The current government aren't personally responsible for what was done to him 70 years ago. The man was a hero, and the story of his life and treatment was important in my life. If this raises awareness of his contribution and the appalling way he was abused, and broadcasts to the world that the establishment today is firmly committed that such things must not happen again, I think that's a good thing.

On the other hand, meanwhile children are being given hormone treatments with permanent consequences at the insistence of health professionals, only to regret it when it's too late. Maybe we've not learned as much as we thought. Still, whatever you think of that controversy, and there are definitely multiple sides to it, Turing is the perfect figure to act as a catalyst for public debate.
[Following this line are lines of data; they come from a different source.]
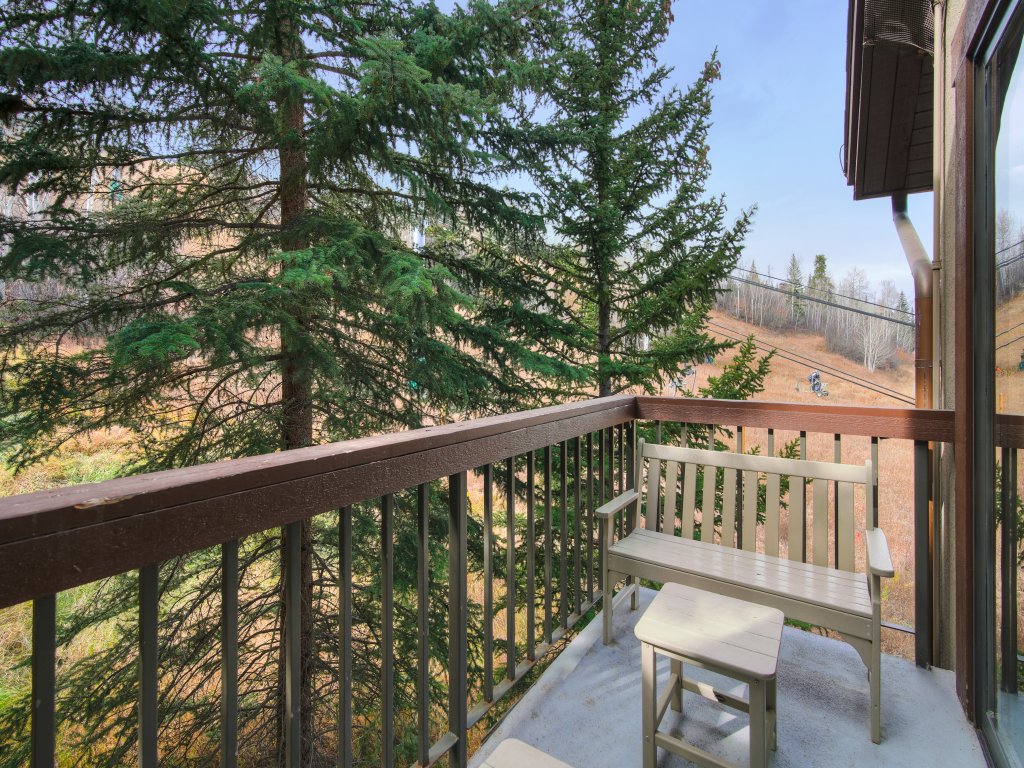 2BR/2BA Condo in Beaver Creek Village - Ski-in/ski-out Vacation Rental in Beaver Creek - RedAwning
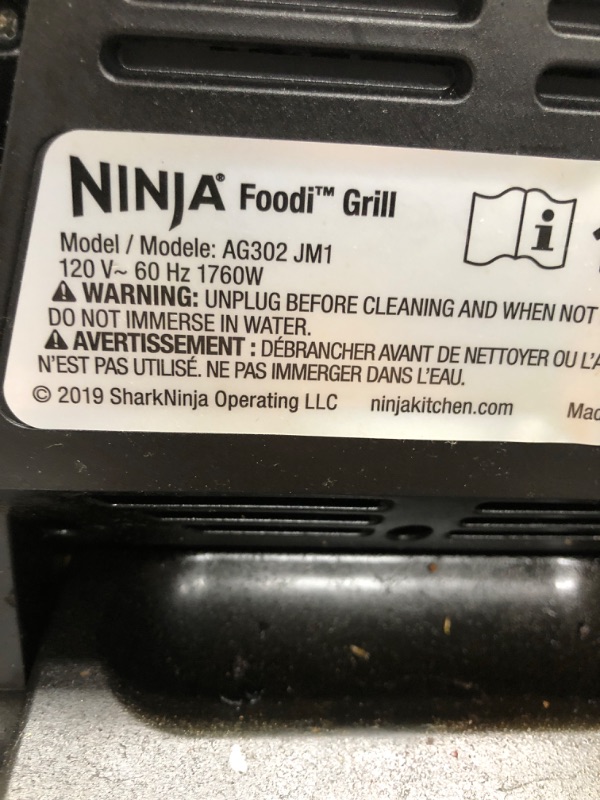 Photo 5 of *** POWERS ON *** Ninja AG301 Foodi 5-in-1 Indoor Grill with Air Fry, Roast, Bake & Dehydrate, Black/Silver Black/Silver 4-Quart Indoor Grill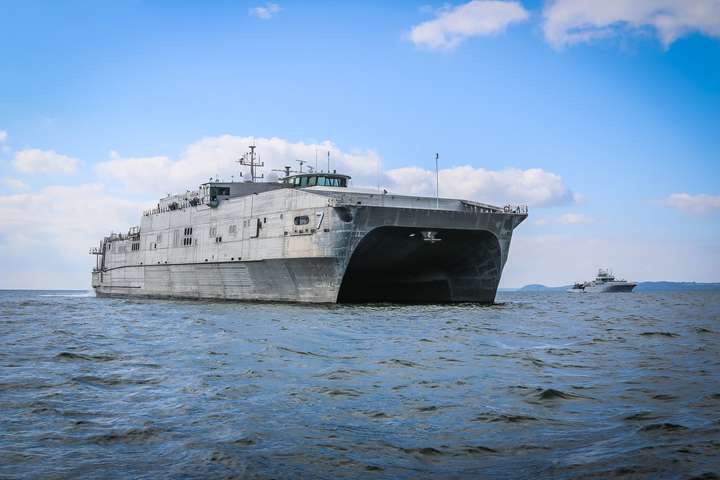 Американський десантний корабель Carson City увійшов у Чорне море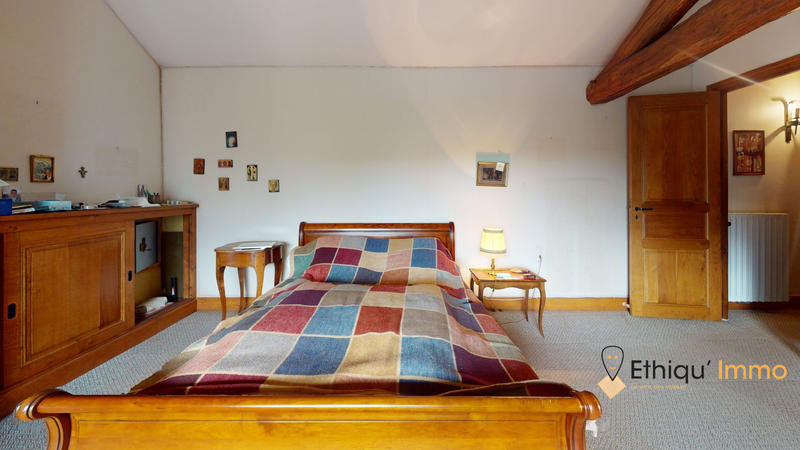 Maison - 357 m² - 10 pièces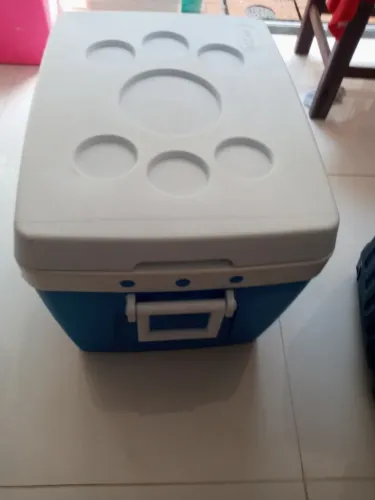 Caixa térmica MOR 75 litros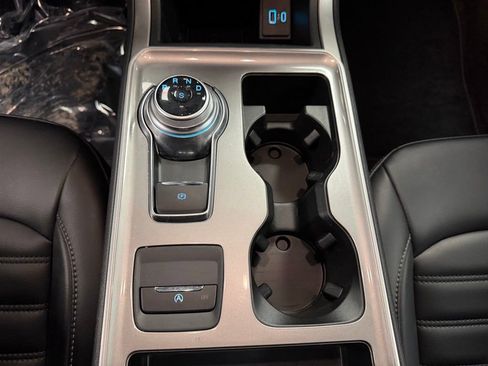 Used 2024 Ford Edge SEL w/ Convenience Package AWD/4WD image 25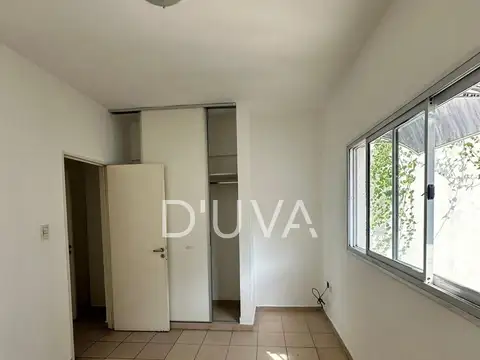 Departamento en Alquiler en Plaza Mateu, $ 470.000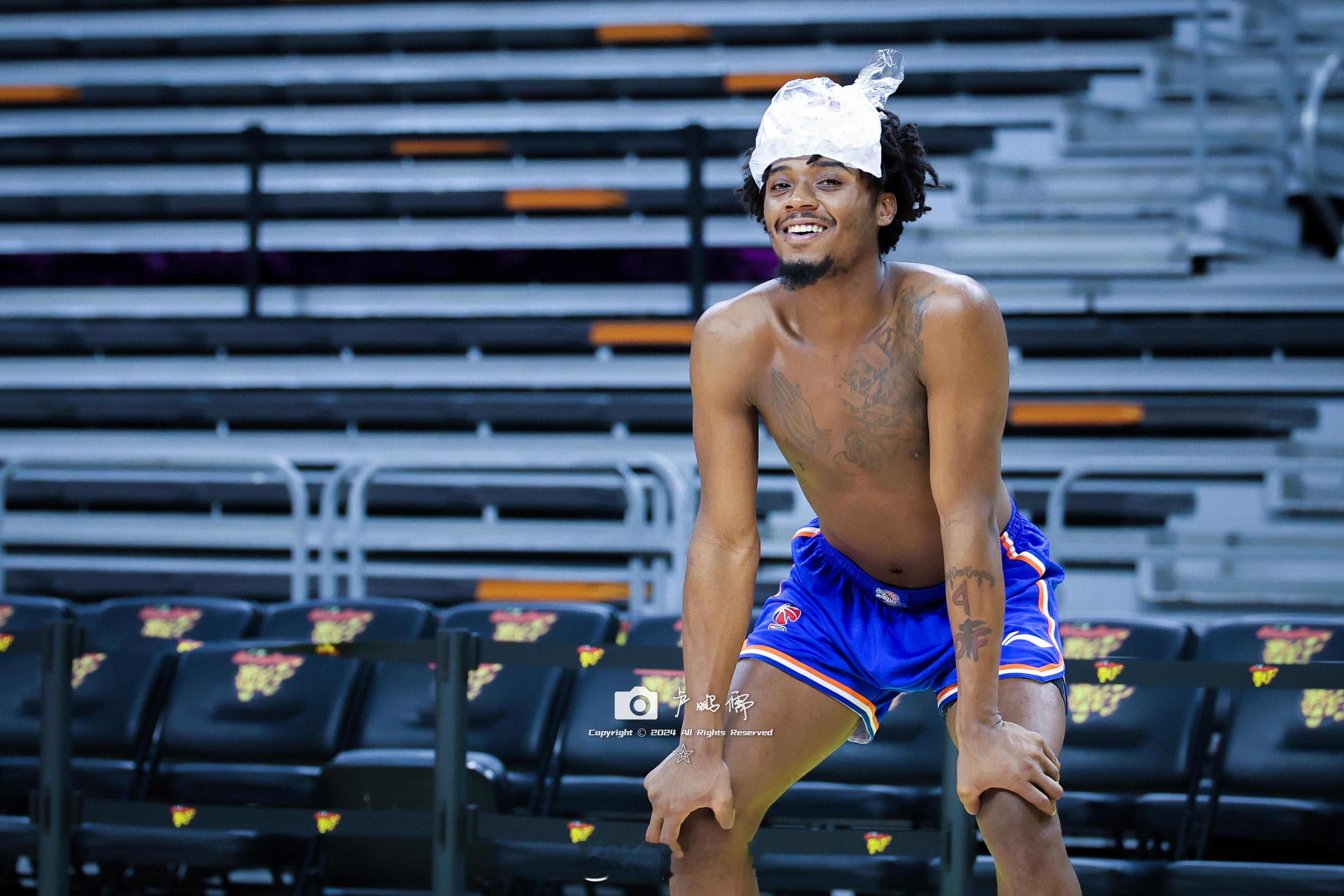 这馆是真热啊🥵🥵🥵坐着啥也不干 十分钟都能滴这么多汗看我们黑根斯热的 物理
We've still got a lot of these issues to work out.


I agree, inviting debate is a good thing, I'm not convinced though that the lesson _has_ been learned, as you say, hormone treatments, but also and the way identity crises are being handled shows were not quite there yet.

There's also the tangential issue that it's the £50. I haven't seen a £50 in about 20 years. It's hard to spark debate once the talk of the note being issued is over, when the overwhelming majority of the population will never see one.

For the non-brits here; most everyday establishments won't accept £50 notes due to risk of forgery. The £20 is the largest day-to-day use note here, we don't have a £100 either, £50 is the largest.


Or they do nothing? What exactly do you want? Most people I've spoken to in tech view it positively. But I guess people have to moan about everything these days.


Rather than asking your "people in tech" whose opinions are entirely irrelevant to the point of Turing's persecution, try asking people from demographics that continue to be persecuted purely because of _who_ they are.

An assurance that this won't happen again would be a good start, along with some material attempts to right a wrong (I don't know what or how that looks I'm just discussing).

I already saw the apology, but "sorry" is meaningless. Actions speak louder than words and all that.

I know gay people who have been beaten up by strangers merely for walking down the street holding hands, this disgraceful behaviour continues to be a huge issue, and more needs to be done to combat it, that can start with the government taking more firm action to combat such hate crimes.